Correspondence should be addressed to Muhammad Auchar Zardari; kp.ude.tseuq@rahcua.dammahum

Received 13 October 2016; Accepted 10 January 2017; Published 15 February 2017

Academic Editor: Rui Wang

Copyright © 2017 Muhammad Auchar Zardari et al. This is an open access article distributed under the Creative Commons Attribution License, which permits unrestricted use, distribution, and reproduction in any medium, provided the original work is properly cited.

Abstract

Much of the seismic activity of northern Sweden consists of micro-earthquakes occurring near postglacial faults. However, larger magnitude earthquakes do occur in Sweden, and earthquake statistics indicate that a magnitude 5 event is likely to occur once every century. This paper presents dynamic analyses of the effects of larger earthquakes on an upstream tailings dam at the Aitik copper mine in northern Sweden.

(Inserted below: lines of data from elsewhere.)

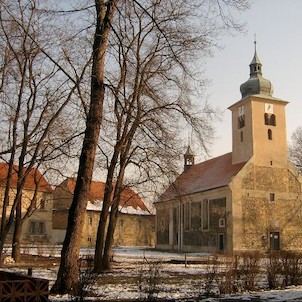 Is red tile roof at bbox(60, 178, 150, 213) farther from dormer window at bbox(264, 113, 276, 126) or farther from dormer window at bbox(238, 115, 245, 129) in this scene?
dormer window at bbox(264, 113, 276, 126)

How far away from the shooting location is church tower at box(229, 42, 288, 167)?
42281mm

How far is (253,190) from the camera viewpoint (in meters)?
41.0

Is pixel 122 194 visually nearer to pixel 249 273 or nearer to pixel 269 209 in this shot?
pixel 249 273

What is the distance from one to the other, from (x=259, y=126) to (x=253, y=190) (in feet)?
20.6

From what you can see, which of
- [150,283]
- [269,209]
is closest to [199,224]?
[269,209]

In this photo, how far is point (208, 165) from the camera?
51.4m

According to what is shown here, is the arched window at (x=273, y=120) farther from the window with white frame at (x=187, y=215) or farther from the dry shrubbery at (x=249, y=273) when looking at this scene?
the dry shrubbery at (x=249, y=273)

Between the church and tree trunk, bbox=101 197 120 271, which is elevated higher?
the church

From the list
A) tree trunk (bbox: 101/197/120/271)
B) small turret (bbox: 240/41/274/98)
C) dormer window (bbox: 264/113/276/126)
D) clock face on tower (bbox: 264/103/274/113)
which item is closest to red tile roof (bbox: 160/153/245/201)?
dormer window (bbox: 264/113/276/126)

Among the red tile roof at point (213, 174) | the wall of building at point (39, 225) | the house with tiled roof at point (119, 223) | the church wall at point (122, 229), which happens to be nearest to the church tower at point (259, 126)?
the red tile roof at point (213, 174)

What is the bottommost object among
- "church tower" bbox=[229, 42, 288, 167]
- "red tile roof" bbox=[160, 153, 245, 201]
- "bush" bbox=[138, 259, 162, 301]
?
"bush" bbox=[138, 259, 162, 301]

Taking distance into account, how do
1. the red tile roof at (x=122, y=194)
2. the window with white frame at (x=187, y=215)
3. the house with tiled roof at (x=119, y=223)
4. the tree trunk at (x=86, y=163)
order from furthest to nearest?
the house with tiled roof at (x=119, y=223) < the window with white frame at (x=187, y=215) < the red tile roof at (x=122, y=194) < the tree trunk at (x=86, y=163)

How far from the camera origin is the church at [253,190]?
Answer: 40.3 m

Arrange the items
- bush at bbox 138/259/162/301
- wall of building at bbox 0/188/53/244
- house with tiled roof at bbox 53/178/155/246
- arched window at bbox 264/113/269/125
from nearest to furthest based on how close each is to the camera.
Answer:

The analyses were performed to evaluate the potential for liquefaction and to assess stability of the dam under two specific earthquakes: a commonly occurring magnitude 3.6 event and a more extreme earthquake of magnitude 5.8. The dynamic analyses were carried out with the finite element program PLAXIS using a recently implemented constitutive model called UBCSAND. The results indicate that the magnitude 5.8 earthquake would likely induce liquefaction in a limited zone located below the ground surface near the embankment dikes. It is interpreted that stability of the dam may not be affected due to the limited extent of the liquefied zone. Both types of earthquakes are predicted to induce tolerable magnitudes of displacements. The results of the postseismic slope stability analysis, performed for a state after a seismic event, suggest that the dam is stable during both the earthquakes.